• Work order
Give again the lines of the data from its first line through the line with "20230915_1326111-scaled-1-jpg.webp Contragreutati adezive". Change nothing.

Dataset excerpts
"""

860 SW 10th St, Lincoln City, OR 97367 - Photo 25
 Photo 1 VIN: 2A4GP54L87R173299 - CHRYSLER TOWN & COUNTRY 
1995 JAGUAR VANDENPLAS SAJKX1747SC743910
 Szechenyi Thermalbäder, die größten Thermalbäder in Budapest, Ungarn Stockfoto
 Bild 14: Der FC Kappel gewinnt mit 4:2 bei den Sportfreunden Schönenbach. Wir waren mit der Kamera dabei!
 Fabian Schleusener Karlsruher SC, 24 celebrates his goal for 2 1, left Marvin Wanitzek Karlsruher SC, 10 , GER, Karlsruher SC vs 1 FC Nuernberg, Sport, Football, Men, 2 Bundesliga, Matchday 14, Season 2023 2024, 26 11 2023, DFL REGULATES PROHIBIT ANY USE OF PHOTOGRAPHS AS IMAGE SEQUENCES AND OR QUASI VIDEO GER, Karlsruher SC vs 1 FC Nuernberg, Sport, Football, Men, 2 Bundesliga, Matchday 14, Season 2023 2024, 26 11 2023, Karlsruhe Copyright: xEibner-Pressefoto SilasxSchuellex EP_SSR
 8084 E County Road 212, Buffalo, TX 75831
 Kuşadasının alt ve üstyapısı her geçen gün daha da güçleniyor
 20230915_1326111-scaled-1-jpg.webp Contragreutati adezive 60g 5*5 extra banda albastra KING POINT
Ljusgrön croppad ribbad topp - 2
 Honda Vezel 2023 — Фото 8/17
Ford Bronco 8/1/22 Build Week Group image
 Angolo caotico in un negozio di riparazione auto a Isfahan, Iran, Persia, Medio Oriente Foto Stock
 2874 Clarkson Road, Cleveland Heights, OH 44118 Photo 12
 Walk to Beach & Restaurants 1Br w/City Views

"""

• Solved problem
860 SW 10th St, Lincoln City, OR 97367 - Photo 25
 Photo 1 VIN: 2A4GP54L87R173299 - CHRYSLER TOWN & COUNTRY 
1995 JAGUAR VANDENPLAS SAJKX1747SC743910
 Szechenyi Thermalbäder, die größten Thermalbäder in Budapest, Ungarn Stockfoto
 Bild 14: Der FC Kappel gewinnt mit 4:2 bei den Sportfreunden Schönenbach. Wir waren mit der Kamera dabei!
 Fabian Schleusener Karlsruher SC, 24 celebrates his goal for 2 1, left Marvin Wanitzek Karlsruher SC, 10 , GER, Karlsruher SC vs 1 FC Nuernberg, Sport, Football, Men, 2 Bundesliga, Matchday 14, Season 2023 2024, 26 11 2023, DFL REGULATES PROHIBIT ANY USE OF PHOTOGRAPHS AS IMAGE SEQUENCES AND OR QUASI VIDEO GER, Karlsruher SC vs 1 FC Nuernberg, Sport, Football, Men, 2 Bundesliga, Matchday 14, Season 2023 2024, 26 11 2023, Karlsruhe Copyright: xEibner-Pressefoto SilasxSchuellex EP_SSR
 8084 E County Road 212, Buffalo, TX 75831
 Kuşadasının alt ve üstyapısı her geçen gün daha da güçleniyor
 20230915_1326111-scaled-1-jpg.webp Contragreutati adezive 60g 5*5 extra banda albastra KING POINT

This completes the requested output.